Question 2: How does the experience of playing a character within the Revolution simulation impact on a student’s ability to participate in discussion about aspects of social history?

Students start learning about multiple aspects of life in colonial Williamsburg from the moment they enter the game world. Whilst playing the game, stimulated responses indicated that students were beginning to form understandings and conjectures about aspects of life in the colonial period. However, the role of the teacher / questioner seemed critical. It is unclear to what degree students might reflect and form hypotheses about the significance of the interactions and events that they observed unless prompted to reflect by a question. In short the knowledge acquired might remain tacit. In this sense the teacher remains an essential part of the activity system and there remains a need to consider how devices and activities might be incorporated in the session to provoke critical reflection during game play. However, the experience of virtual role play does appear to furnish pupils with a rich pre-verbal experiential base that can facilitate an inclusive discussion following game play. Each player plays a different character in the game, therefore each participant brings a different perspective on events to the whole group discussion. As a result, the final discussion is informed by multiple view points. For example, all participants may have developed an awareness of the impact of social class on the their characters ability to converse with other characters. However, the implications of ones social class was experienced differently by a student playing Margaret Chadwell, a common serving maid and Robert Carter Nicholas the town magistrate. At times, the multiplicity of perspectives stimulated a rich discussion as multiple students articulated their unique experience of a particular social theme and challenged each others interpretation of events. No one was excluded, since all pupils had shared the same basic experience of situated role play a pupils’ ability to contribute to discussion depended on their ability to articulate the tacit knowledge acquired through the experience of virtual role play rather then their ability to read and understand textual material.

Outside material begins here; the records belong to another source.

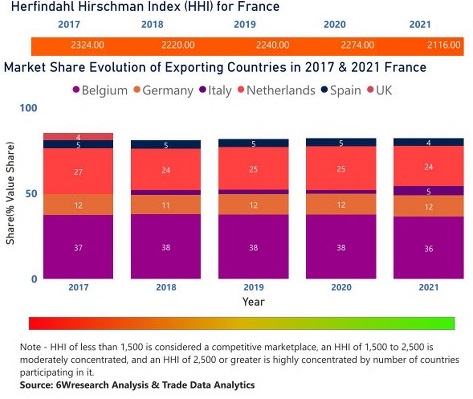 France Animal Feed Additive Market (2022 - 2028) | Trends, Outlook ...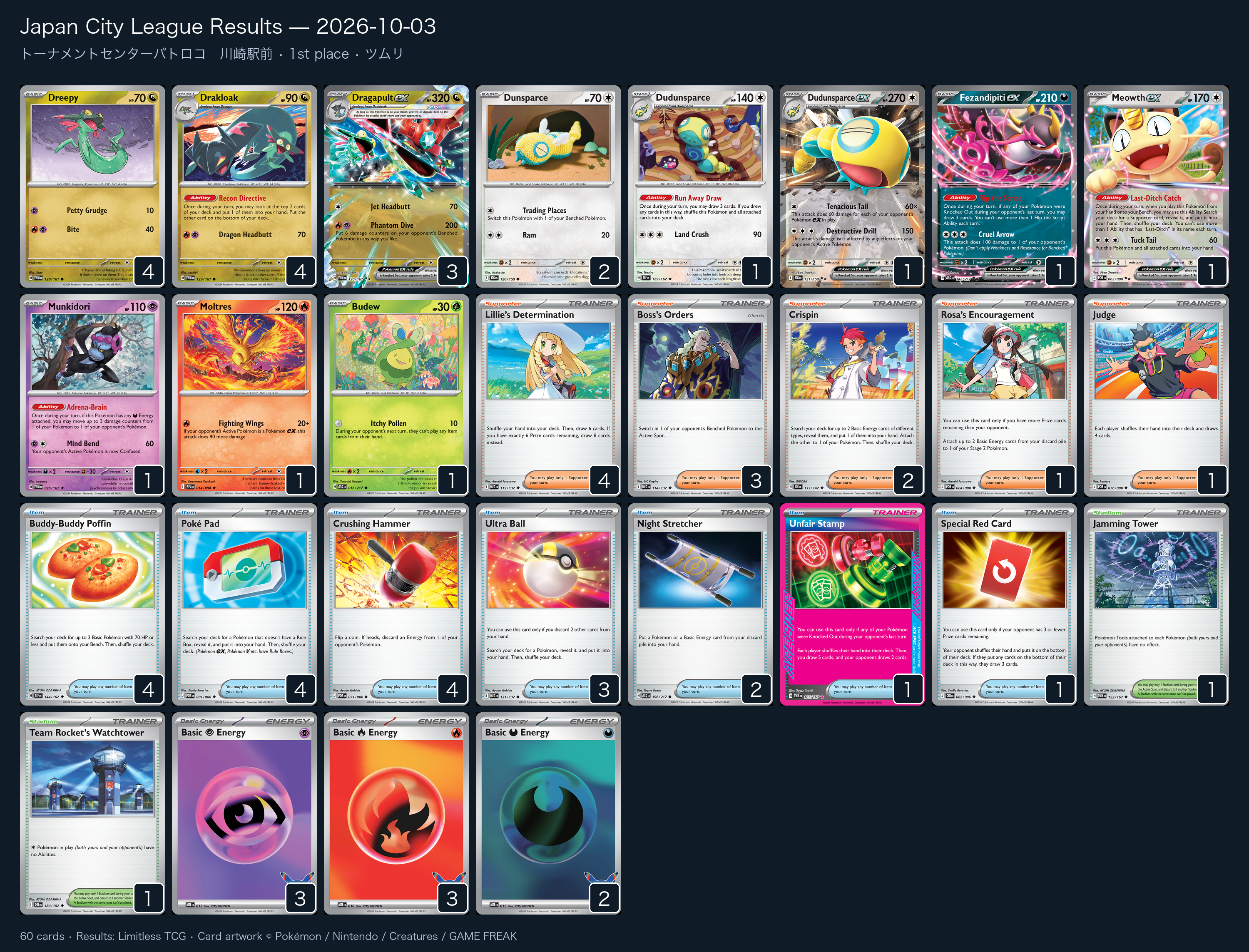 1st place — ツムリ decklist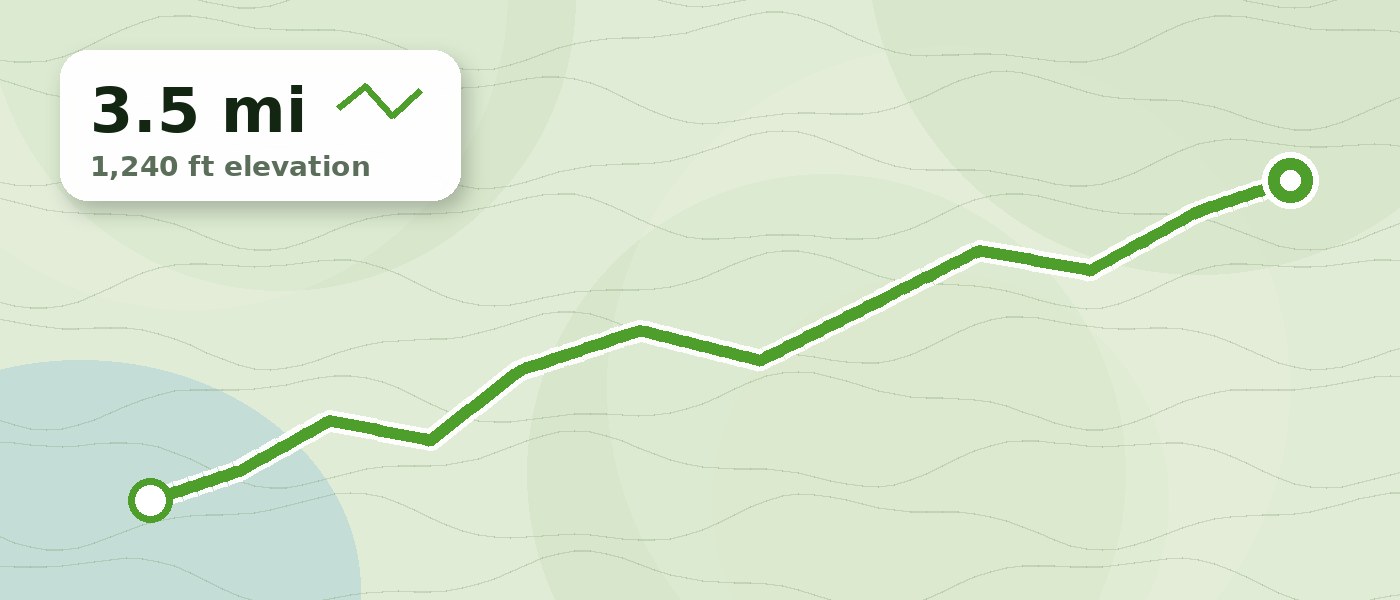 A trail map with a tracked route and distance stats
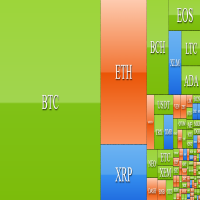 Classborn jQuery Treemap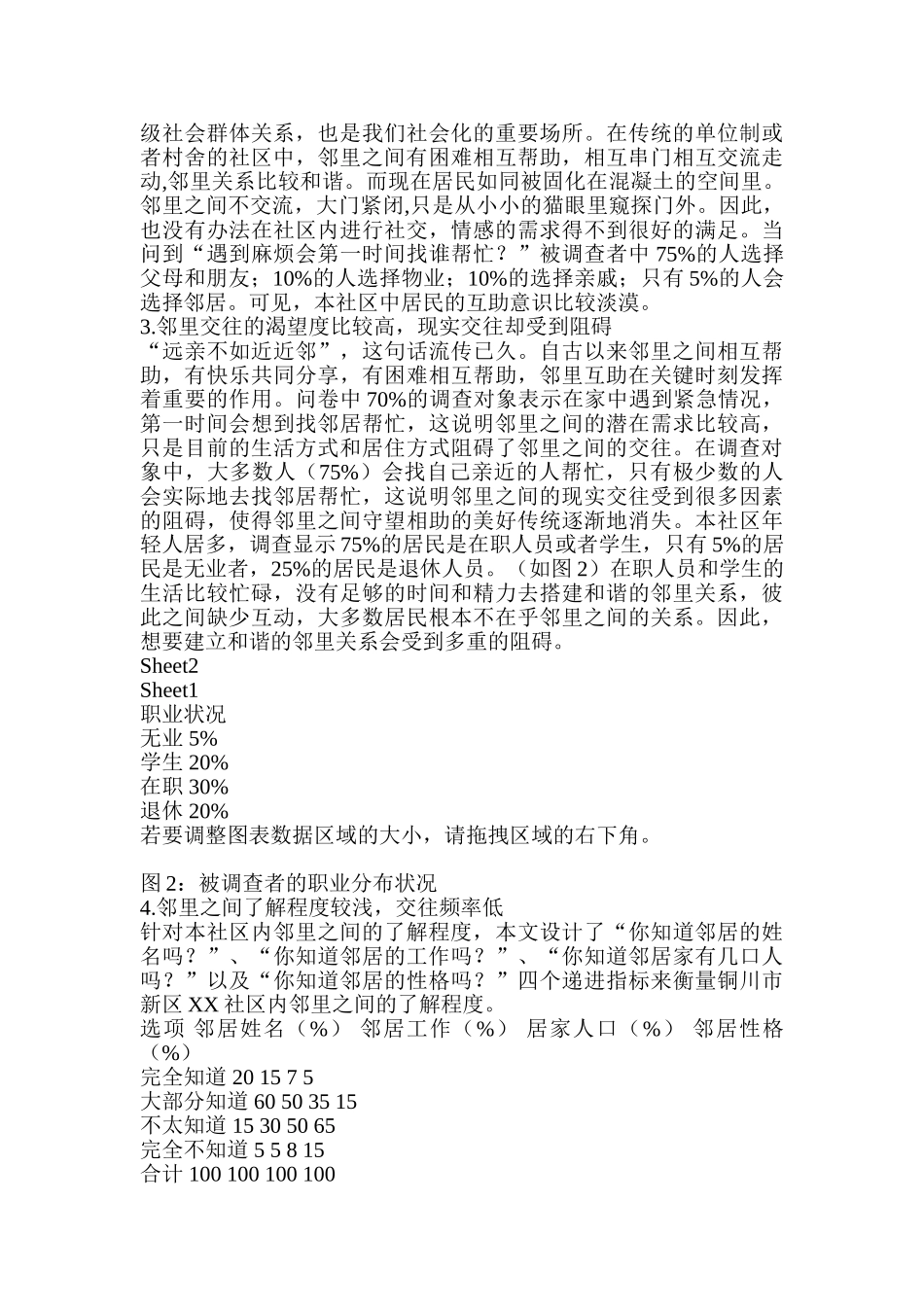 城市社区邻里关系的现状和对策研究分析 公共管理专业_第3页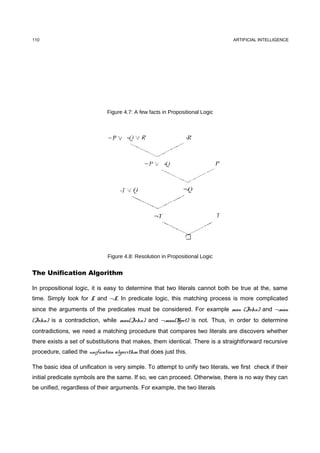 110                                                                              ARTIFICIAL INTELLIGENCE




                               Figure 4.7: A few facts in Propositional Logic




                               Figure 4.8: Resolution in Propositional Logic


The Unification Algorithm

In propositional logic, it is easy to determine that two literals cannot both be true at the, same
time. Simply look for L and ¬L. In predicate logic, this matching process is more complicated
since the arguments of the predicates must be considered. For example man (John) and ¬man
(John) is a contradiction, while man(John) and ¬man(Spot) is not. Thus, in order to determine
contradictions, we need a matching procedure that compares two literals are discovers whether
there exists a set of substitutions that makes, them identical. There is a straightforward recursive
procedure, called the unification algorithm that does just this.

The basic idea of unification is very simple. To attempt to unify two literals, we first check if their
initial predicate symbols are the same. If so, we can proceed. Otherwise, there is no way they can
be unified, regardless of their arguments. For example, the two literals
 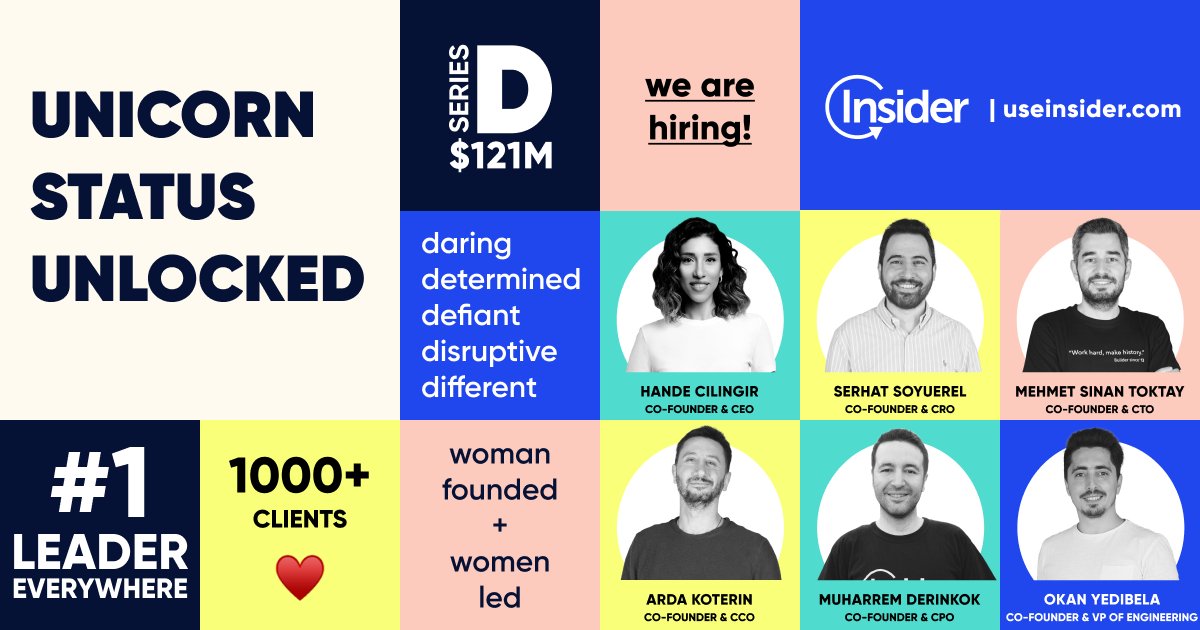 insideronehq's tweet photo. 🦄 Unicorn status unlocked! 🔓 

We’re now the…
9th B2B SaaS unicorn in the world
5th in the U.S.
4th in Europe
2nd in Asia
1st in LATAM and Turkey, based on Crunchbase data.

We are incredibly proud to announce the closing of our $121M Series D round with a $1.22B valuation! https://t.co/ttQO0BSxVA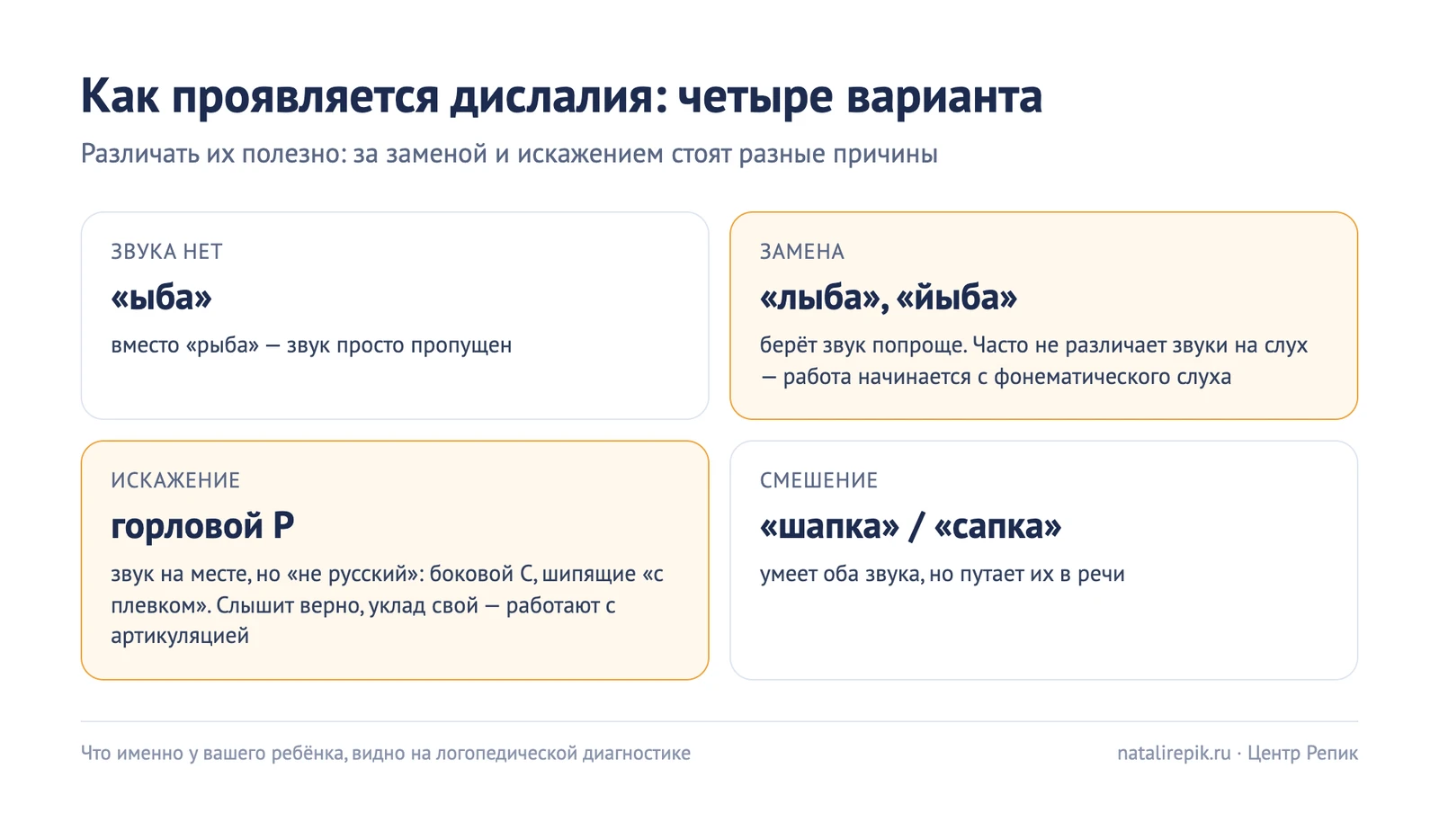 Схема: четыре проявления дислалии — звука нет («ыба»), замена («лыба»), искажение (горловой Р), смешение («шапка» и «сапка»); замена связана со слухом, искажение — с укладом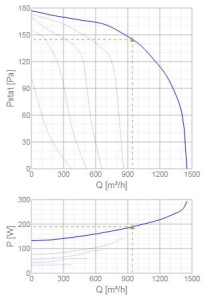 Изображение для товара Systemair KE 50-30-6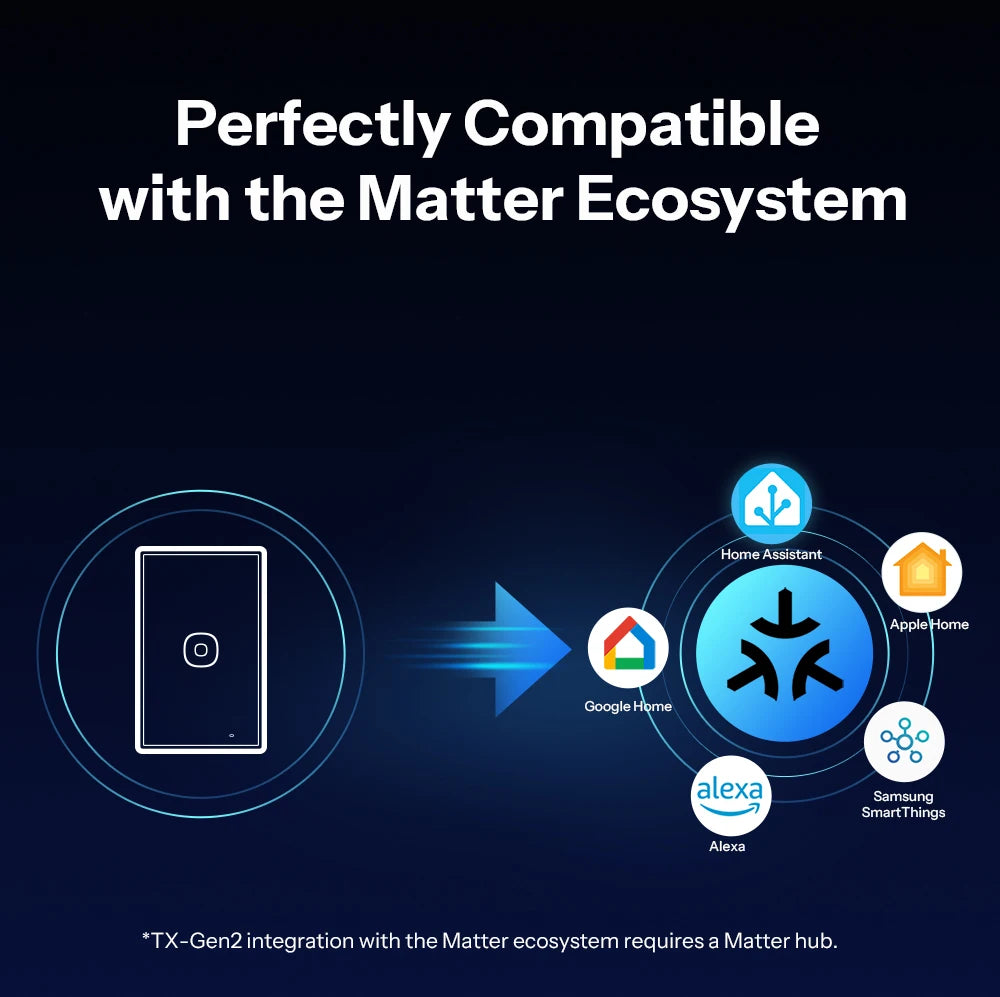 SONOFF TX Gen2 US Smart Touch Wall Switch T6 120 Matter Detach Relay Adjustable Night Switch Locator Apple Ecosystem Compatible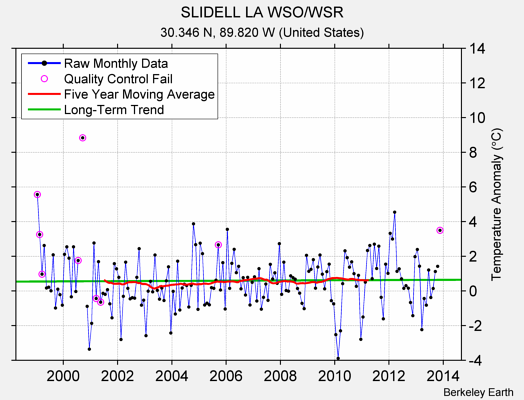 SLIDELL LA WSO/WSR Raw Mean Temperature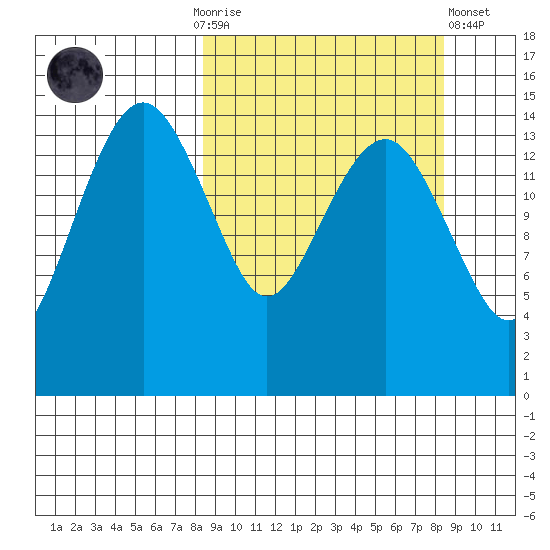 Protection Point tide chart for Sunday, September 25, 2022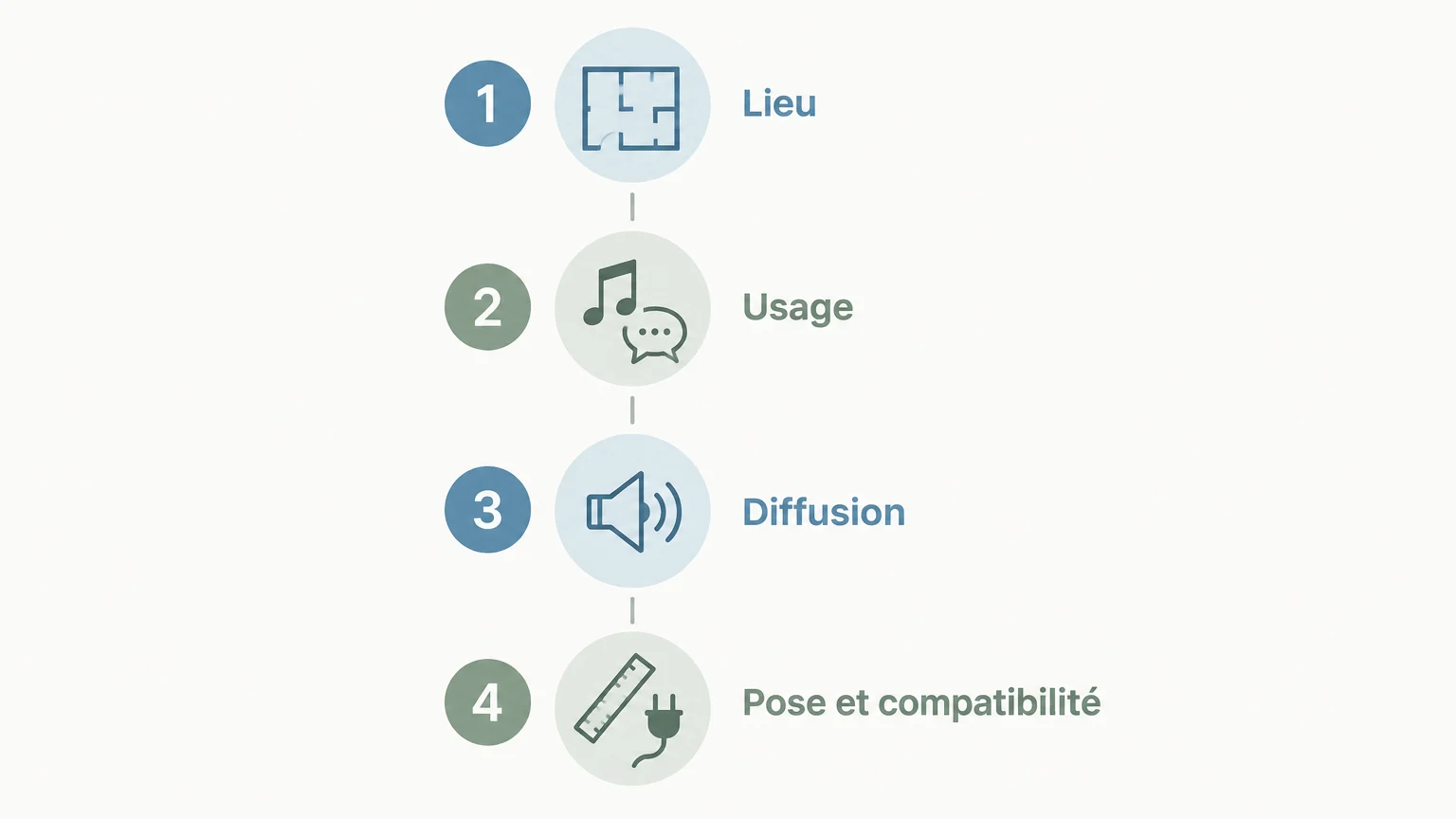 Quatre critères pour sélectionner un équipement de sonorisation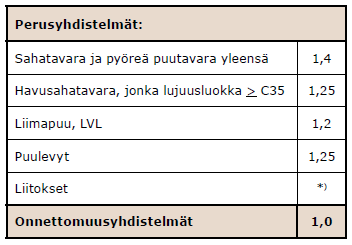 28 Taulukko 4.6. Suomessa käytettävät materiaalien osavarmuusluvut M. /3, 15/ (*Liitoskestävyyden mitoitusarvon laskennassa käytetään liittyvän puutuotteen osavarmuuslukua M.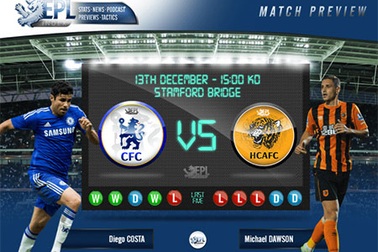 Chelsea - Hull City: Trở lại quỹ đạo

Educational and Scientific Importance of the Study

The study makes a unique and significant contribution to our understanding of the potential of virtual role play for educational ends. It may prove of interest to developers interested in modifying commercial available games for educational purposes, teachers in the humanities interested the new pedagogical possibilities opened up by the experimental use of role playing games modelled on historical periods, researchers interested in theorectical models and methodological techniques to explore the use of interactive gaming technologies in a classroom context and educationalist, parents and the wider public with an interest the implications for media change for education. A full report on this project that explores the experiences of those who participated in the spring workshops is forthcoming. What is clear is that virtual role play provides exciting and radically alternative modes for learning across the humanities. Indeed, when learning with Revolution traditional barriers between academic displines such as history, sociology, geography, drama, art and media studies begins to break down. Further, the study shows that activites based on gaming experiences can be easily devised using freely available digital tools to foster New Literacies in a world in which interactive participatory media are have become part of young peoples’ everyday lives.